- **INSTRUCTIONS TO FOLLOW**
Could you transcribe every record below exactly as written, leaving out any pictures?
┄┄┄┄┄┄
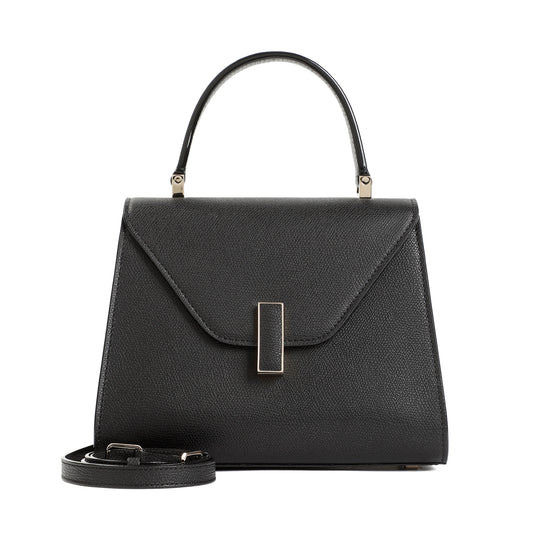 Handbag Black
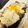 さんちゃん（╹◡╹）'s cooksnap of when they made 簡単☆舞茸のパルメザンチーズ焼き.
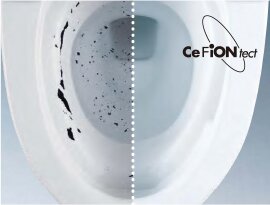 セフィオンテクト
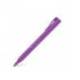 Rotulador Faber Castell fluorescente Textliner 38 violeta
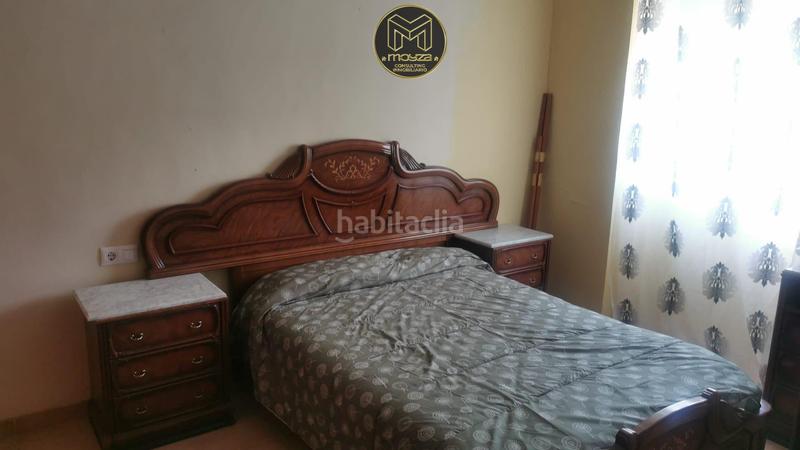 Foto 3f771b26-356a-44a4-a179-d665f862edbc. Casa a San Ildefonso - Catedral Jaén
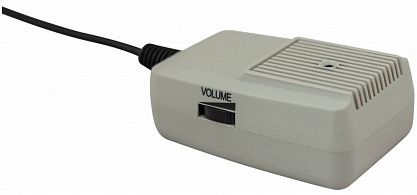 Мегафон VESTON VMEG-25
┄┄┄┄┄┄
- **FINAL ANSWER**
 Handbag Black
 さんちゃん（╹◡╹）'s cooksnap of when they made 簡単☆舞茸のパルメザンチーズ焼き.
 セフィオンテクト
 Rotulador Faber Castell fluorescente Textliner 38 violeta
 Foto 3f771b26-356a-44a4-a179-d665f862edbc. Casa a San Ildefonso - Catedral Jaén
 Мегафон VESTON VMEG-25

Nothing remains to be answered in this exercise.